I can't offer any advice from a poly relationship standpoint, but I have had those coming out experiences with my family and friends.

My suggestions would be to just have you and your hubby there for the discussion with the the family. Tell them you have something important to talk to them about, set aside some time, and just be open and honest. If you can pull together some good writing about successful/healthy poly relationships that you can share with them even better.

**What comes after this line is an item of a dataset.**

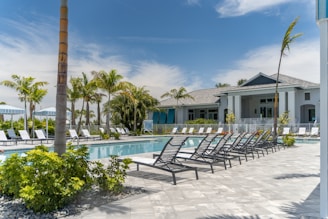 A luxurious outdoor swimming pool area surrounded by numerous reclining chairs, palm trees, and a modern building in the background. The sky is clear with a few clouds visible. The setting conveys a tranquil and inviting atmosphere, ideal for relaxation and leisure.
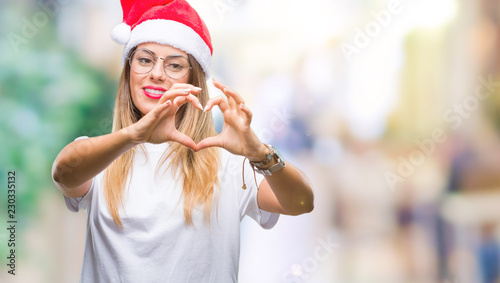 Young beautiful woman wearing christmas hat over isolated background smiling in love showing heart symbol and shape with hands. Romantic concept.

Be prepared to answer awkward questions, be ready to have some people confused/upset, and be ready to do some followup. Just really stress that this is what makes you as a couple whole and happy.

Coming out as poly has to be a little more foreign than even coming out as trans, but both are definitely more difficult than coming out as gay/lesbian because they're just more foreign to most people's experiences.

Seems like definitely a good conversation to have before you have any kids.
04/16/2013
Contributor: KrissyNovacaine KrissyNovacaine
Quote:
Originally posted by Ciao.
I can't offer any advice from a poly relationship standpoint, but I have had those coming out experiences with my family and friends.

My suggestions would be to just have you and your hubby there for the discussion with the the family. ... more
Thanks for the feedback. I need to try to not get defensive.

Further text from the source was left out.